ASSIGNED TASK: One exact copy of the listing, minus the images, is the required answer.

EXCERPTED DATA:

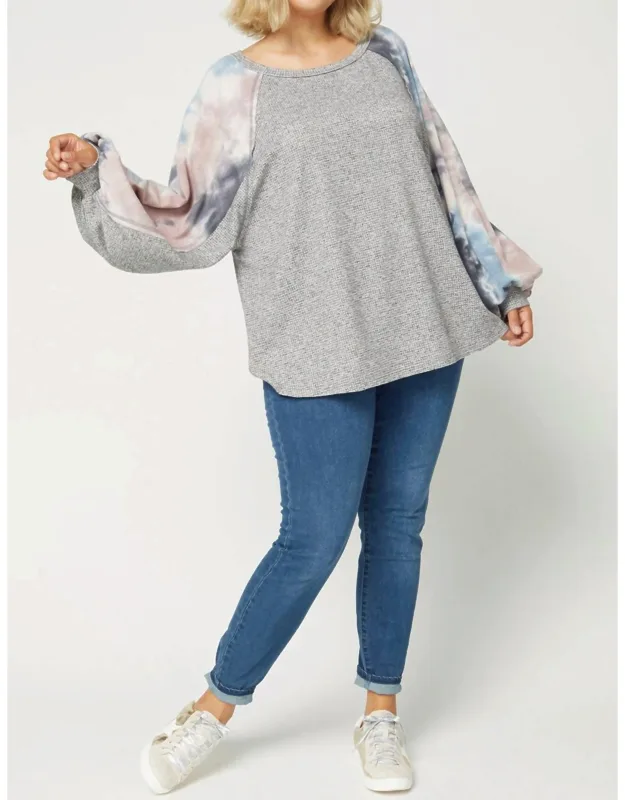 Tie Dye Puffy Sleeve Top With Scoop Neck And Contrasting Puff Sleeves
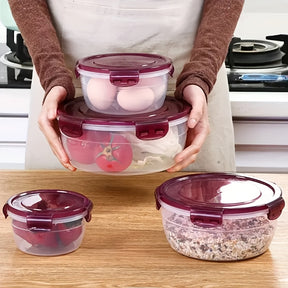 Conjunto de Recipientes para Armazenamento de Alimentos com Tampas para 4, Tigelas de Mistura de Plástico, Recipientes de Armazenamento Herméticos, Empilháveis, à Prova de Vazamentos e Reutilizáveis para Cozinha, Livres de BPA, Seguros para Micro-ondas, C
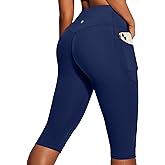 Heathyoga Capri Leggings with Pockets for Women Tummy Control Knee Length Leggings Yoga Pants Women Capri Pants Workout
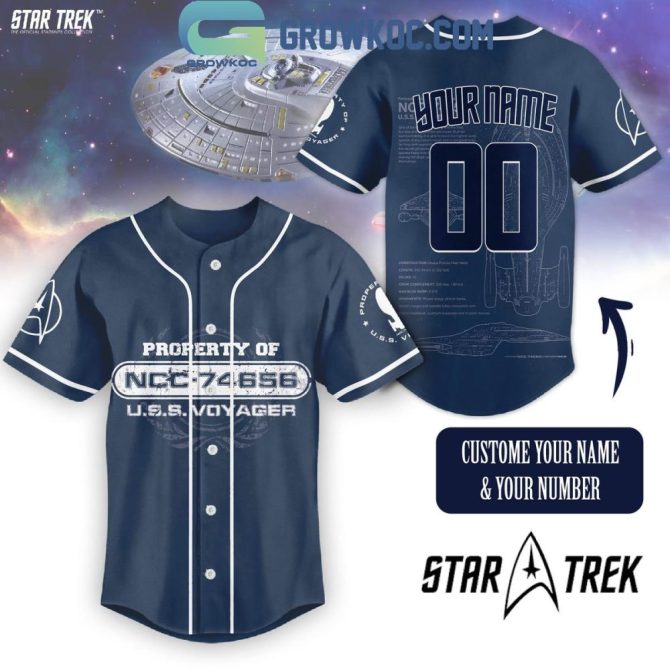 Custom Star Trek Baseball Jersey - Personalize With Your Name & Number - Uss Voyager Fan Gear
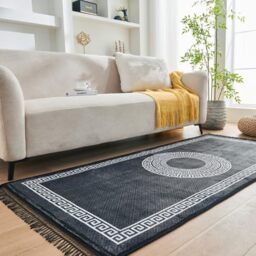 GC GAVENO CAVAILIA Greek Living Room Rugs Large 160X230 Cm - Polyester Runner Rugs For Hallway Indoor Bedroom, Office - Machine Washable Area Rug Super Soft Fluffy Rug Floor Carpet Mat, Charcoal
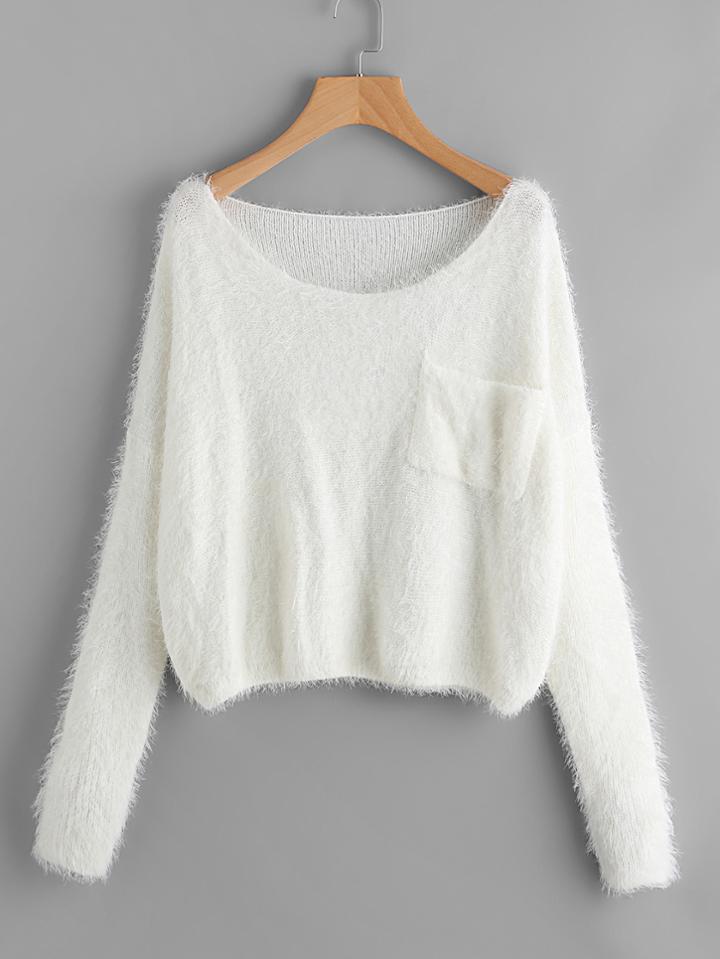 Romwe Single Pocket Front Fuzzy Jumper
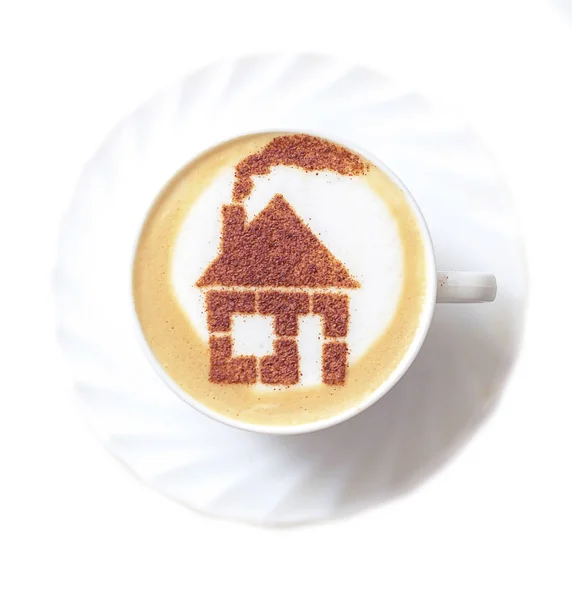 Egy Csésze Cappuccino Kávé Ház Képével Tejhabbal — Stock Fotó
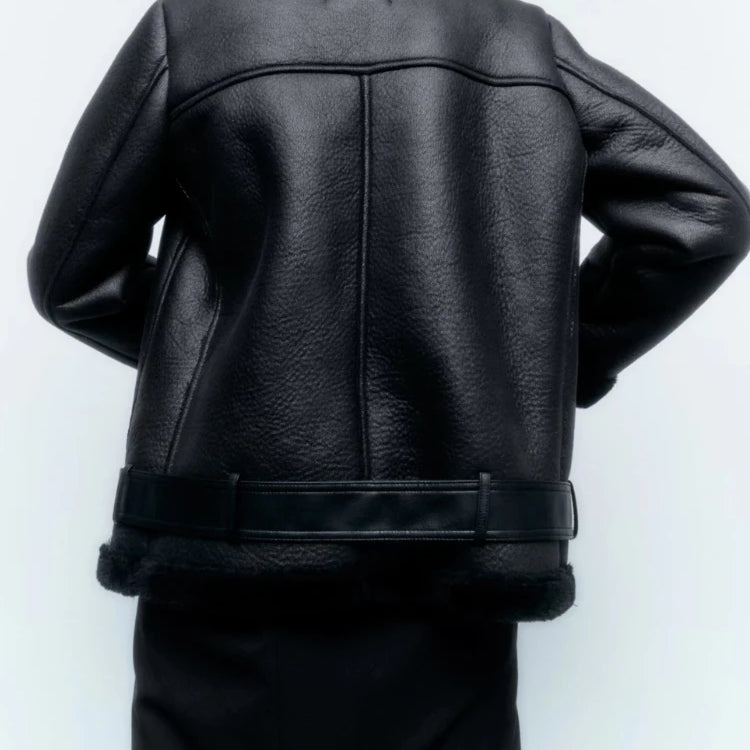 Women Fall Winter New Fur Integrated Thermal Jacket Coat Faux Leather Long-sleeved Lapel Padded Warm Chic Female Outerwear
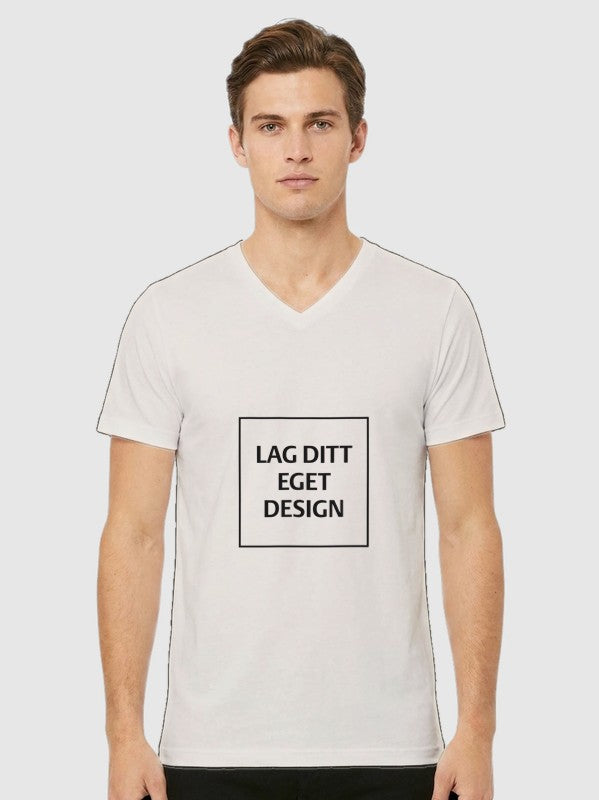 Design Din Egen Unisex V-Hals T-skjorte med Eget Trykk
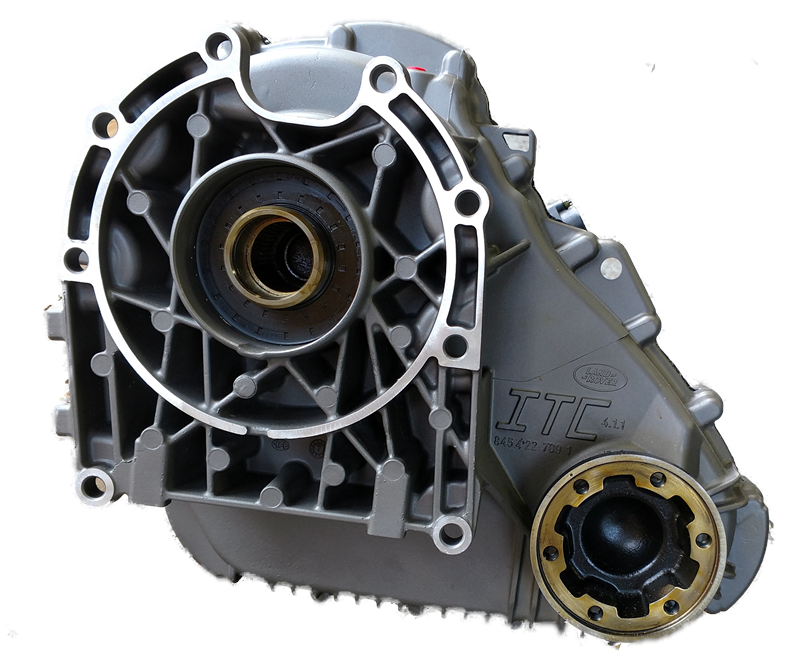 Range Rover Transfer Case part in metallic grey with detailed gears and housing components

ANSWER TO THIS PROBLEM:
 Tie Dye Puffy Sleeve Top With Scoop Neck And Contrasting Puff Sleeves
 Conjunto de Recipientes para Armazenamento de Alimentos com Tampas para 4, Tigelas de Mistura de Plástico, Recipientes de Armazenamento Herméticos, Empilháveis, à Prova de Vazamentos e Reutilizáveis para Cozinha, Livres de BPA, Seguros para Micro-ondas, C
 Heathyoga Capri Leggings with Pockets for Women Tummy Control Knee Length Leggings Yoga Pants Women Capri Pants Workout
 Custom Star Trek Baseball Jersey - Personalize With Your Name & Number - Uss Voyager Fan Gear
 GC GAVENO CAVAILIA Greek Living Room Rugs Large 160X230 Cm - Polyester Runner Rugs For Hallway Indoor Bedroom, Office - Machine Washable Area Rug Super Soft Fluffy Rug Floor Carpet Mat, Charcoal
 Romwe Single Pocket Front Fuzzy Jumper
 Egy Csésze Cappuccino Kávé Ház Képével Tejhabbal — Stock Fotó
 Women Fall Winter New Fur Integrated Thermal Jacket Coat Faux Leather Long-sleeved Lapel Padded Warm Chic Female Outerwear
 Design Din Egen Unisex V-Hals T-skjorte med Eget Trykk
 Range Rover Transfer Case part in metallic grey with detailed gears and housing components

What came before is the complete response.